Print exactly the lines from the one containing "And give him" through the last line of the listing, both included.

---------- DATA BLOCK

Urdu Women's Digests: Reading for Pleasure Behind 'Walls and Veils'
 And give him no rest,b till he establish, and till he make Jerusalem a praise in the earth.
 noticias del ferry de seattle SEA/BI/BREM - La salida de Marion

--------------------

### [YOUR SOLUTION]
 And give him no rest,b till he establish, and till he make Jerusalem a praise in the earth.
 noticias del ferry de seattle SEA/BI/BREM - La salida de Marion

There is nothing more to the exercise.